# Teufel Speakers



## Steve Williamson (May 11, 2006)

Any one here seen, heard or own Teufel speakers?

The only info I can find is in German and was wondering what the Teufel Theater 8 set was like http://www.teufel.de/de/THXsysteme/s_518.cfm

It is either those or JBL, not decided yet.


----------



## Fincave (Apr 20, 2006)

Had a look on the Finnish forum for info regarding Teufel, a few hits but no user comments. Try and use Babelfish for translations http://babelfish.altavista.com/ The translations sometimes make no sense whatsoever, though on occasion you may be able to make out something:huh:


----------



## Ghislain (Apr 19, 2006)

There is a detailed review of this set on a very respected German HT site (in german)  
It appeared on the market in 2002 and was tested to be outstanding. 
I have translated their conlusion for you:

Pro: 
Exzellente akustische Homogenität 
Excellent acoustic homogeneity

Überdurchschnittlich voluminöse Surround-Klangkulisse 
Above average and voluminous surround soundstage

Aktiver Subwoofer ermöglicht weit überdurchschnittlichen Bassdruck 
Active subwoofer enables far above average bass pressure

Sehr gelungene Stimmwiedergabe 
Well sucseeded voice reproduction

Hervorragend abgestimmter Hochtonbereich 
Fantasticly tuned treble range

Tadellose Detaileinarbeitung 
Details well taken care of (finishing)

Erstklassige Verarbeitung 
Superbly crafted

Überragendes Preis-/Leistungsverhältnis 
Excellent price/performance ratio

Contra:
Sehr großer Subwoofer benötigt viel Platz im Hörraum 
Very large subwoofer requires a lot of space

I can further add that Teufel is a highly regarded german direct selling speaker manufacturer.


----------



## Steve Williamson (May 11, 2006)

Thank you Ghislain, I will probably send for a set to find out what they are like, it is always a problem to audition speakers at home in Australia anyway, so I might as well go for the THX certified system I am after.

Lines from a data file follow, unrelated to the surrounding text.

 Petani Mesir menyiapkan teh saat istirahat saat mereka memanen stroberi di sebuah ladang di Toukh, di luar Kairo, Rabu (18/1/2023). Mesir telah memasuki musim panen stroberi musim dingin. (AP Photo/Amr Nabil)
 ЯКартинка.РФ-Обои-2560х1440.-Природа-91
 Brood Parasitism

If I do not like it, I will sell it on.

Cheers 

Steve


----------



## Ghislain (Apr 19, 2006)

You're welcome!
I have not had the opportunity to listen to their speakers either (as you can only get them through direct sales) but so far I have not come across any negative user reviews (on german boards). If space is not an issue than you'll be all right with these  

I went to a very long speaker selection exercise myself about a year ago. In the end went for Monitor Audio RS8/RSLCR/RSFX and never looked back - great in both HT and hifi reproduction.
I was also happy to have bought a SVS 2039Pci sub which completes the above setup.


----------



## Steve Williamson (May 11, 2006)

Fincave, thanks for the advice, but I tried the babelfish conversion and they are apparently Devil speakers :devil: See below:



> Loudspeaker devil theatre 8
> 
> This impressive system is the first German and world-wide second home cinema set, which - together with another manufacturer - that received THX Ultra 2-Lizenz. Devil is very proud on it which again succeeded it to us to occupy our top place with the development by more-canal public-address systems so clearly.
> 
> ...


Now I have to try them :hail:

Lifes funny


----------